*** Opening of EXERCISE MATERIAL ***

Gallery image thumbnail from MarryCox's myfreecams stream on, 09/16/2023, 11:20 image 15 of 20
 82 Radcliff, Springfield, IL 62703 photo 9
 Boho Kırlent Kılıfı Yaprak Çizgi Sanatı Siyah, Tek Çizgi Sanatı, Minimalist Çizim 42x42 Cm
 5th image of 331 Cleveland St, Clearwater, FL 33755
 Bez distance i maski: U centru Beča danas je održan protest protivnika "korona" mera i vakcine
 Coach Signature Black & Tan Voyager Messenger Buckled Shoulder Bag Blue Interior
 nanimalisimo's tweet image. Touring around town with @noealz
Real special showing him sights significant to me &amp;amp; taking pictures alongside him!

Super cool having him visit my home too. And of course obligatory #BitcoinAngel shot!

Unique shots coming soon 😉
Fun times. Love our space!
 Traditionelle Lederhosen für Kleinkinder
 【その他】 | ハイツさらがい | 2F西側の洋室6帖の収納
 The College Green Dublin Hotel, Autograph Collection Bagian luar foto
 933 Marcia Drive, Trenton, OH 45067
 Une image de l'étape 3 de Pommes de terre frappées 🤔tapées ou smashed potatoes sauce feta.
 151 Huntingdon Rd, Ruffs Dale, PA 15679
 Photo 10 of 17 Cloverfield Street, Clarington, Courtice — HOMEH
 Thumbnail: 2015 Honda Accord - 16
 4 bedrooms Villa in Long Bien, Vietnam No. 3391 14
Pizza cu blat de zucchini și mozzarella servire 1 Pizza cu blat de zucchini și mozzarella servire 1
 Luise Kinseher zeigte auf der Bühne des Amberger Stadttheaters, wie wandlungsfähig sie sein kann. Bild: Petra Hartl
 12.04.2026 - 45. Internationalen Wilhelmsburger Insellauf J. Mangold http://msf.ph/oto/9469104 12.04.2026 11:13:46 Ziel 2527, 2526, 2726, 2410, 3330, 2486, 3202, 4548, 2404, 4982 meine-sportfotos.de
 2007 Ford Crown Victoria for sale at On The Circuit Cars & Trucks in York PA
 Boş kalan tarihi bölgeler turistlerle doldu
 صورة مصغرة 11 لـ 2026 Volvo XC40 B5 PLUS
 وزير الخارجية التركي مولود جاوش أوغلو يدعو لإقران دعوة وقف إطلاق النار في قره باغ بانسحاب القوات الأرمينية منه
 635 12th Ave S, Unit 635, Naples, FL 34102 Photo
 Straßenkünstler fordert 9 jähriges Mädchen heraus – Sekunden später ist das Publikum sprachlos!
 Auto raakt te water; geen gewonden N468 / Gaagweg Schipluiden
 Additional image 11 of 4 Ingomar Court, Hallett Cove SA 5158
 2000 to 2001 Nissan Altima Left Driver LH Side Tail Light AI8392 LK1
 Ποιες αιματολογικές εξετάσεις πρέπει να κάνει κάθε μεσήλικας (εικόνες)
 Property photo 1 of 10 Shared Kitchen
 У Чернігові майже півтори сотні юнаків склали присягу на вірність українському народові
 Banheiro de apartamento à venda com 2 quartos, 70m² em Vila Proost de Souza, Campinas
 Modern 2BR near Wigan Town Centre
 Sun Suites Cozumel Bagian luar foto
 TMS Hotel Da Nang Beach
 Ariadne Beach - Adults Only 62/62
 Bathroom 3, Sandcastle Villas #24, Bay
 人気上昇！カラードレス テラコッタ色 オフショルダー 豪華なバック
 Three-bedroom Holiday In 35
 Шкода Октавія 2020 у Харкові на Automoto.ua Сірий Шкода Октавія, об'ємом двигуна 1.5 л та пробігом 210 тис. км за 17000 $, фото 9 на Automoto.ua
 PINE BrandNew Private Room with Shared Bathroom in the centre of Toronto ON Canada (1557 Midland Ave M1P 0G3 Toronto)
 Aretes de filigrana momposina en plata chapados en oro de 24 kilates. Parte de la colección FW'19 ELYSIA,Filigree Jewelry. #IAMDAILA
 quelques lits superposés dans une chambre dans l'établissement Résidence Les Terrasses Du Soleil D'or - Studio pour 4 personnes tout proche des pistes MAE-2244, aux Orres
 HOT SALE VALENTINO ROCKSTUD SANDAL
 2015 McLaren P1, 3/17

*** Close of EXERCISE MATERIAL ***

▶ [EXERCISE PROMPT] Every entry above must be reproduced exactly.

▶ [RESULT FOR THIS EXERCISE]
Gallery image thumbnail from MarryCox's myfreecams stream on, 09/16/2023, 11:20 image 15 of 20
 82 Radcliff, Springfield, IL 62703 photo 9
 Boho Kırlent Kılıfı Yaprak Çizgi Sanatı Siyah, Tek Çizgi Sanatı, Minimalist Çizim 42x42 Cm
 5th image of 331 Cleveland St, Clearwater, FL 33755
 Bez distance i maski: U centru Beča danas je održan protest protivnika "korona" mera i vakcine
 Coach Signature Black & Tan Voyager Messenger Buckled Shoulder Bag Blue Interior
 nanimalisimo's tweet image. Touring around town with @noealz
Real special showing him sights significant to me &amp;amp; taking pictures alongside him!

Super cool having him visit my home too. And of course obligatory #BitcoinAngel shot!

Unique shots coming soon 😉
Fun times. Love our space!
 Traditionelle Lederhosen für Kleinkinder
 【その他】 | ハイツさらがい | 2F西側の洋室6帖の収納
 The College Green Dublin Hotel, Autograph Collection Bagian luar foto
 933 Marcia Drive, Trenton, OH 45067
 Une image de l'étape 3 de Pommes de terre frappées 🤔tapées ou smashed potatoes sauce feta.
 151 Huntingdon Rd, Ruffs Dale, PA 15679
 Photo 10 of 17 Cloverfield Street, Clarington, Courtice — HOMEH
 Thumbnail: 2015 Honda Accord - 16
 4 bedrooms Villa in Long Bien, Vietnam No. 3391 14
Pizza cu blat de zucchini și mozzarella servire 1 Pizza cu blat de zucchini și mozzarella servire 1
 Luise Kinseher zeigte auf der Bühne des Amberger Stadttheaters, wie wandlungsfähig sie sein kann. Bild: Petra Hartl
 12.04.2026 - 45. Internationalen Wilhelmsburger Insellauf J. Mangold http://msf.ph/oto/9469104 12.04.2026 11:13:46 Ziel 2527, 2526, 2726, 2410, 3330, 2486, 3202, 4548, 2404, 4982 meine-sportfotos.de
 2007 Ford Crown Victoria for sale at On The Circuit Cars & Trucks in York PA
 Boş kalan tarihi bölgeler turistlerle doldu
 صورة مصغرة 11 لـ 2026 Volvo XC40 B5 PLUS
 وزير الخارجية التركي مولود جاوش أوغلو يدعو لإقران دعوة وقف إطلاق النار في قره باغ بانسحاب القوات الأرمينية منه
 635 12th Ave S, Unit 635, Naples, FL 34102 Photo
 Straßenkünstler fordert 9 jähriges Mädchen heraus – Sekunden später ist das Publikum sprachlos!
 Auto raakt te water; geen gewonden N468 / Gaagweg Schipluiden
 Additional image 11 of 4 Ingomar Court, Hallett Cove SA 5158
 2000 to 2001 Nissan Altima Left Driver LH Side Tail Light AI8392 LK1
 Ποιες αιματολογικές εξετάσεις πρέπει να κάνει κάθε μεσήλικας (εικόνες)
 Property photo 1 of 10 Shared Kitchen
 У Чернігові майже півтори сотні юнаків склали присягу на вірність українському народові
 Banheiro de apartamento à venda com 2 quartos, 70m² em Vila Proost de Souza, Campinas
 Modern 2BR near Wigan Town Centre
 Sun Suites Cozumel Bagian luar foto
 TMS Hotel Da Nang Beach
 Ariadne Beach - Adults Only 62/62
 Bathroom 3, Sandcastle Villas #24, Bay
 人気上昇！カラードレス テラコッタ色 オフショルダー 豪華なバック
 Three-bedroom Holiday In 35
 Шкода Октавія 2020 у Харкові на Automoto.ua Сірий Шкода Октавія, об'ємом двигуна 1.5 л та пробігом 210 тис. км за 17000 $, фото 9 на Automoto.ua
 PINE BrandNew Private Room with Shared Bathroom in the centre of Toronto ON Canada (1557 Midland Ave M1P 0G3 Toronto)
 Aretes de filigrana momposina en plata chapados en oro de 24 kilates. Parte de la colección FW'19 ELYSIA,Filigree Jewelry. #IAMDAILA
 quelques lits superposés dans une chambre dans l'établissement Résidence Les Terrasses Du Soleil D'or - Studio pour 4 personnes tout proche des pistes MAE-2244, aux Orres
 HOT SALE VALENTINO ROCKSTUD SANDAL
 2015 McLaren P1, 3/17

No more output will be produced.